◆ Your goal
Write out every entry again exactly as it stands.

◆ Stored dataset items
/---
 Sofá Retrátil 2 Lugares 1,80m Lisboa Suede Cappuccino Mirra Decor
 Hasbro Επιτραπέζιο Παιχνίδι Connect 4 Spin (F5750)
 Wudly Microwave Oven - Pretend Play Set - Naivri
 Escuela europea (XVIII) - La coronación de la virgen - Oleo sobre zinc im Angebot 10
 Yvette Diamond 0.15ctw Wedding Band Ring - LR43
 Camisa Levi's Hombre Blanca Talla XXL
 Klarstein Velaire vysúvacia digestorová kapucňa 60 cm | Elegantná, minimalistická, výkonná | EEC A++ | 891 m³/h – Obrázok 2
\---
◆ Response box
 Sofá Retrátil 2 Lugares 1,80m Lisboa Suede Cappuccino Mirra Decor
 Hasbro Επιτραπέζιο Παιχνίδι Connect 4 Spin (F5750)
 Wudly Microwave Oven - Pretend Play Set - Naivri
 Escuela europea (XVIII) - La coronación de la virgen - Oleo sobre zinc im Angebot 10
 Yvette Diamond 0.15ctw Wedding Band Ring - LR43
 Camisa Levi's Hombre Blanca Talla XXL
 Klarstein Velaire vysúvacia digestorová kapucňa 60 cm | Elegantná, minimalistická, výkonná | EEC A++ | 891 m³/h – Obrázok 2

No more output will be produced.